Monthly Archives: July 2010

Why is there no CR1 – and why are control registers such a mess anyway?

If you want to enable protected mode or paging on the i386/x86_64 architecture, you use CR0, which is short for control register 0. Makes sense. These are important system settings. But if you want to switch the pagetable format, you have to change a bit in CR4 (CR1 does not exist and CR2 and CR3 don’t hold control bits), if you want to switch to 64 bit mode, you have to change a bit in an MSR, oh, and if you want to turn on single stepping, that’s actually in your FLAGS. Also, have I mentioned that CR5 through CR15 don’t exist – except for CR8, of course?

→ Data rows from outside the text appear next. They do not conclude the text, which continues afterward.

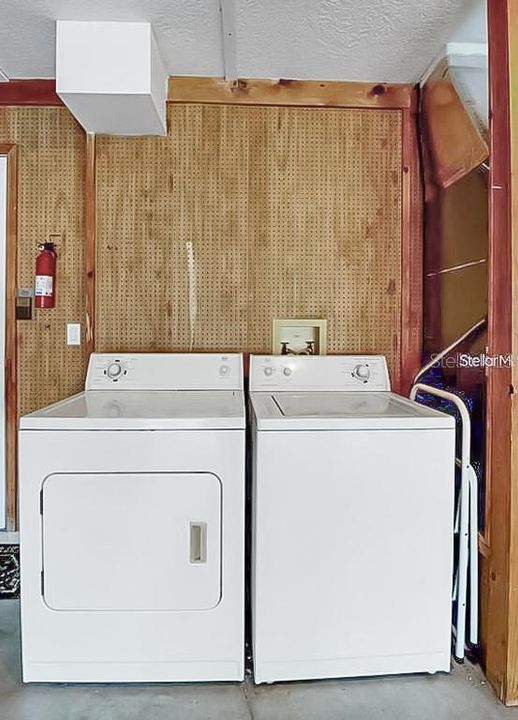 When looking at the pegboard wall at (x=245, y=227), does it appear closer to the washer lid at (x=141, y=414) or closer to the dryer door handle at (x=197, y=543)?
the washer lid at (x=141, y=414)

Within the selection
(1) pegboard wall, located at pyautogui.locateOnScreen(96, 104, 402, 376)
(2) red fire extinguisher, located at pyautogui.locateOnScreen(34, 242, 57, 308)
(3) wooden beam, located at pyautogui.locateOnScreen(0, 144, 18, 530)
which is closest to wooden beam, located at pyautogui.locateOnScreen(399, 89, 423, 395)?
(1) pegboard wall, located at pyautogui.locateOnScreen(96, 104, 402, 376)

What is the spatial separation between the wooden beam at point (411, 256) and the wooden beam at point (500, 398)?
846mm

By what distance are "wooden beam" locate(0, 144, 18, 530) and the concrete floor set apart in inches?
40.0

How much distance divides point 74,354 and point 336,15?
1777mm

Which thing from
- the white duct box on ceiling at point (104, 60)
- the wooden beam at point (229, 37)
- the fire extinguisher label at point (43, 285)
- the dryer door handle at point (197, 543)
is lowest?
the dryer door handle at point (197, 543)

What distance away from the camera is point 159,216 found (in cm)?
275

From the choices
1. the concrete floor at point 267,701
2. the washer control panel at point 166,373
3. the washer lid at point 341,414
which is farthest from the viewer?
the washer control panel at point 166,373

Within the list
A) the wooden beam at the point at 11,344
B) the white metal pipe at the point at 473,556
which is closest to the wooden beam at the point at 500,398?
the white metal pipe at the point at 473,556

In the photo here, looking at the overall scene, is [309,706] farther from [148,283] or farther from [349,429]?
[148,283]

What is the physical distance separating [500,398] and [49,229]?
2074 mm

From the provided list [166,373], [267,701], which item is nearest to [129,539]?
[267,701]

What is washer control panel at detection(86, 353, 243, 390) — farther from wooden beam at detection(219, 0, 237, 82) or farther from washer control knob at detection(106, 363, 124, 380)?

Like many (but unfortunately not all) quirks of the i386/x86_64 architecture, this mess can be explained with history.

8086 – FLAGS

x86 history typically starts with the 16 bit 8086, but although it was not binary compatible with its predecessor, it was nevertheless a rather straightforward assembly-level compatible 16 bit extension of the 8 bit Intel 8080 with some ideas of the Zilog Z80. The 8086 is still a classic “home computer class” CPU, which was not meant for modern operating systems: It had no MMU of any kind, and no concept of privileged and unpriviliged modes. Therefore, control bits that we see as system state today were encoded into the 16 bit FLAGS register: The interrupt enable bit and the trap flag (which will cause a software interrupt after the next instruction and thus lets you single-step) are encoded into FLAGS right next to the ALU’s flags like Zero and Carry.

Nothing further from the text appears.